## TASK STATEMENT
Take the line that contains "Snapshot of black30cmdick" and every line below it to the end of the entries, and give them again exactly, leaving out any pictures.

RECORDS FOR THE TASK section start

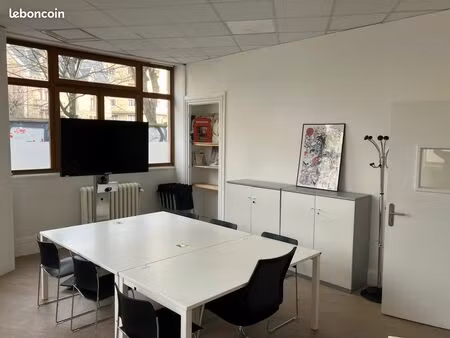 bureaux 50m2 (20m2 + 30 m2) + espaces communs - centre ville - loyer imbattable - tout com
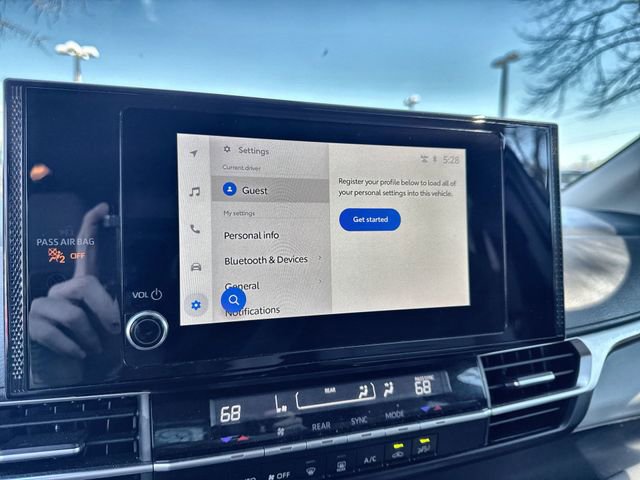 Used 2025 Toyota Sienna LE image 25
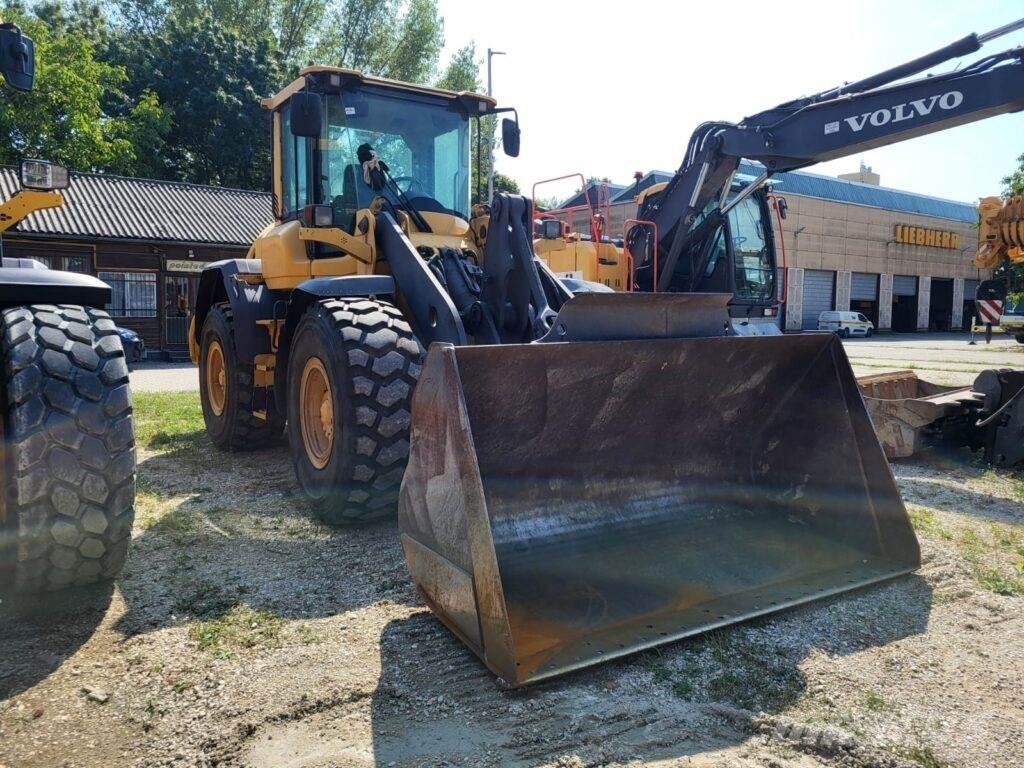 Volvo L70G لوادر بعجل
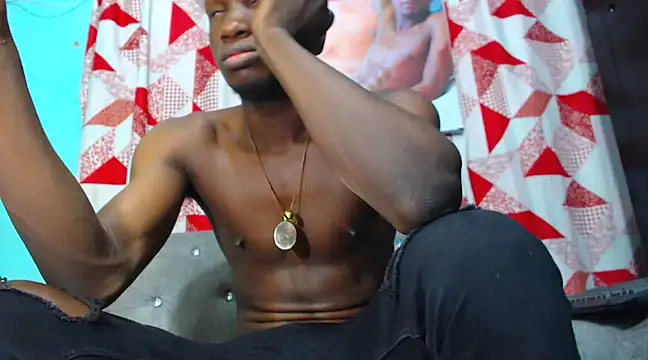 Snapshot of black30cmdick chatting on March 2, 9:54 pm black30cmdick online show from March 2, 9:54 pm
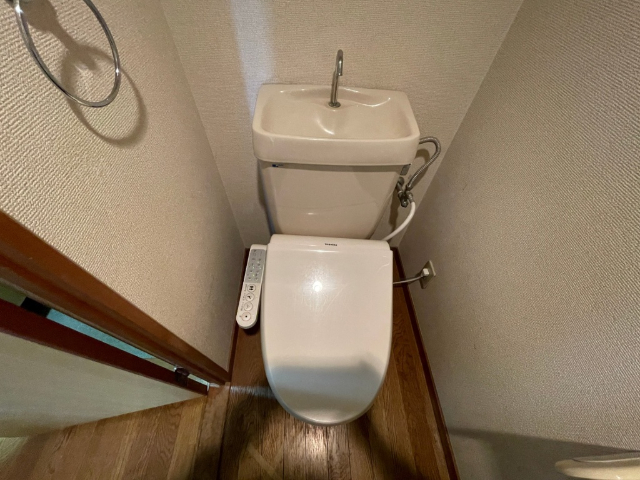 トイレ　温水洗浄便座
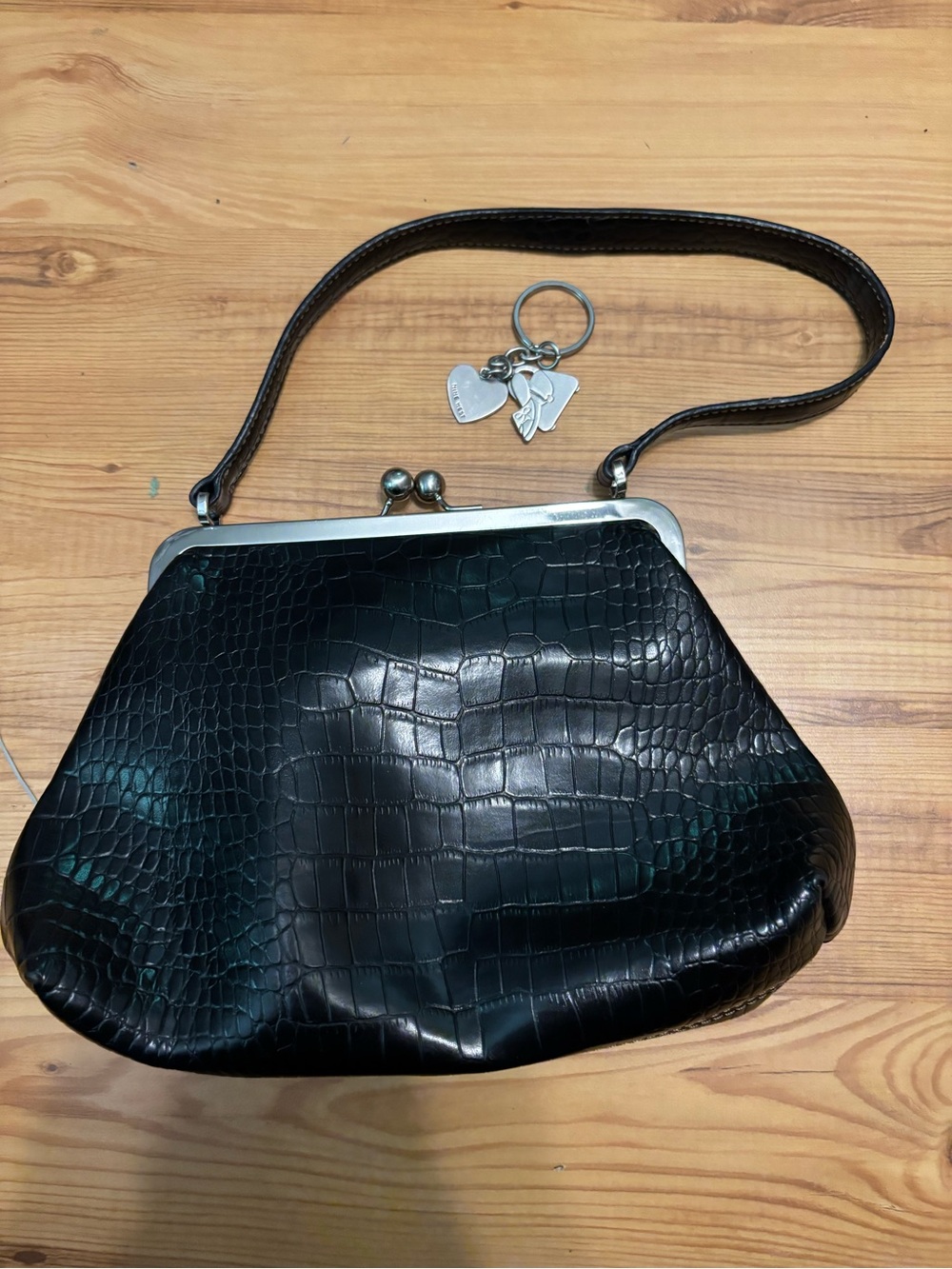 Nine West faux crocodile leather black kisslock handbag Y2K 2000s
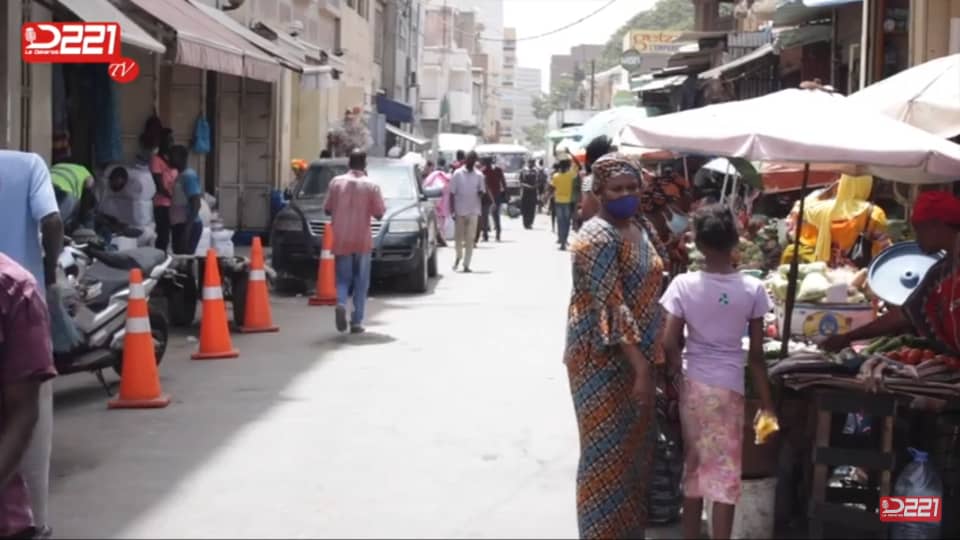 (Vidéo) Sandaga : les marchands s’opposent a la décision des autorités de les déguerpir…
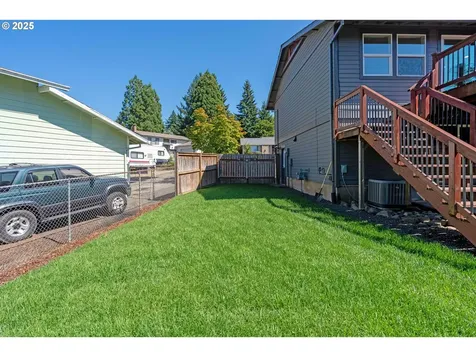 423 NE Hacienda Place Gresham OR 97030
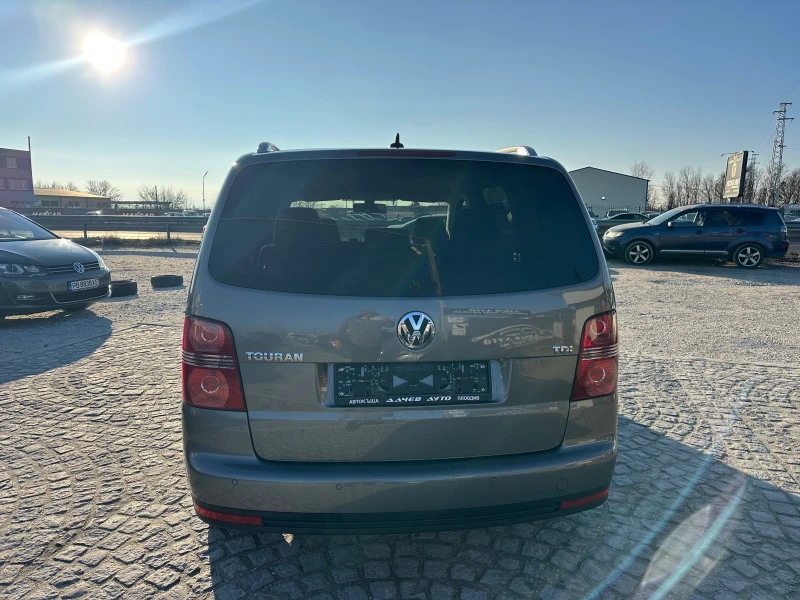 VW Touran 7 МЕСТА #1.9TDI#6 СКОРОСТИ#ПОДГРЕВ#КЛИМАТРОНИК, снимка 4 - Автомобили и джипове - 48336890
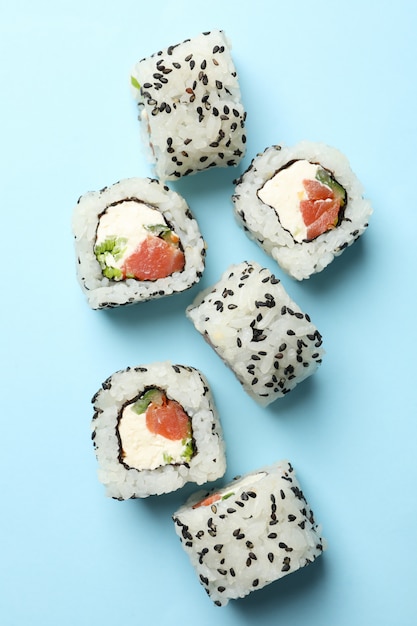 Heerlijke sushi rolt op blauwe ondergrond. japans eten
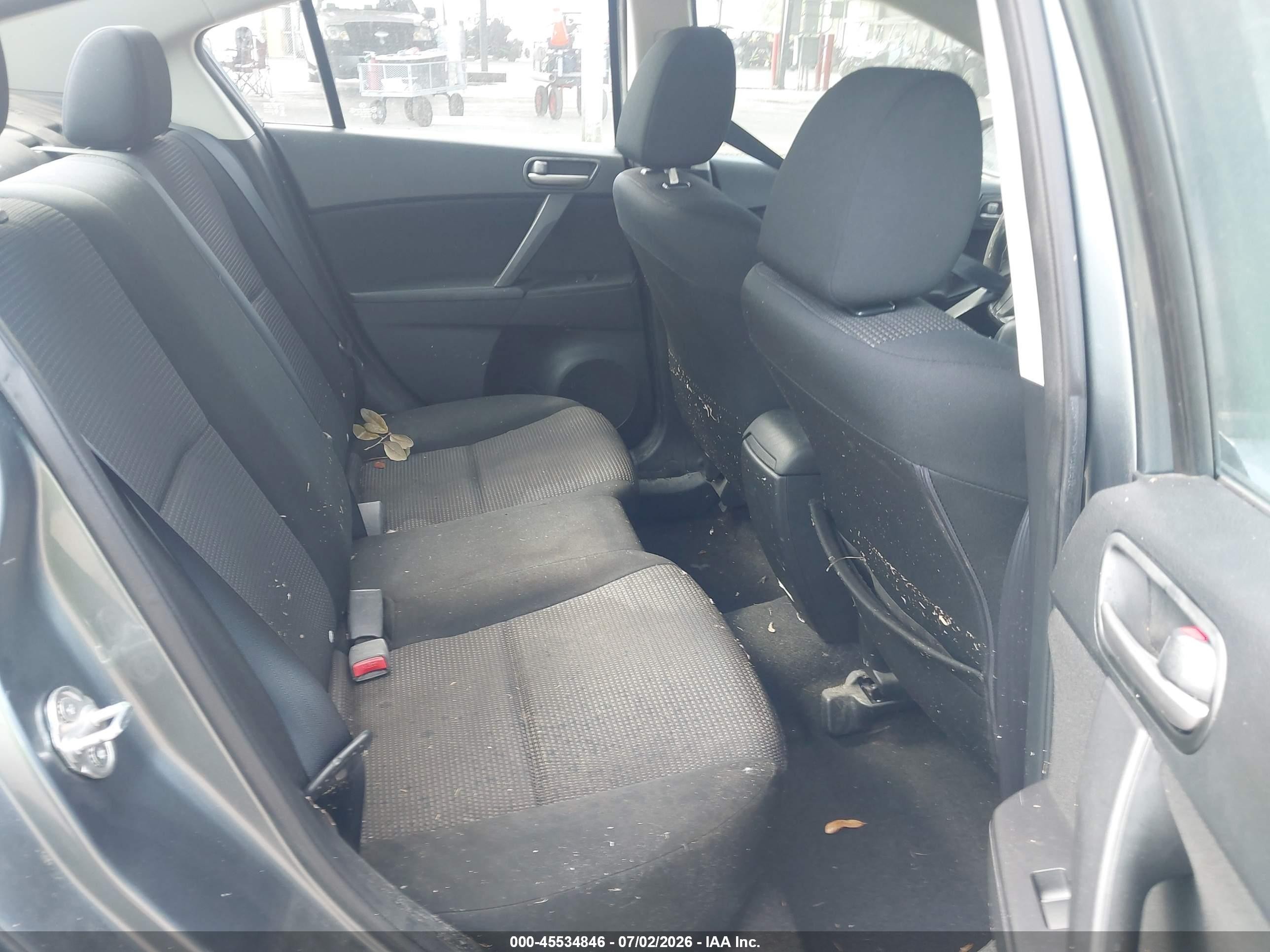 2013 Mazda Mazda3 I Sv Blue vin: JM1BL1TF9D1734514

RECORDS FOR THE TASK section end

## YOUR SOLUTION
 Snapshot of black30cmdick chatting on March 2, 9:54 pm black30cmdick online show from March 2, 9:54 pm
 トイレ　温水洗浄便座
 Nine West faux crocodile leather black kisslock handbag Y2K 2000s
 (Vidéo) Sandaga : les marchands s’opposent a la décision des autorités de les déguerpir…
 423 NE Hacienda Place Gresham OR 97030
 VW Touran 7 МЕСТА #1.9TDI#6 СКОРОСТИ#ПОДГРЕВ#КЛИМАТРОНИК, снимка 4 - Автомобили и джипове - 48336890
 Heerlijke sushi rolt op blauwe ondergrond. japans eten
 2013 Mazda Mazda3 I Sv Blue vin: JM1BL1TF9D1734514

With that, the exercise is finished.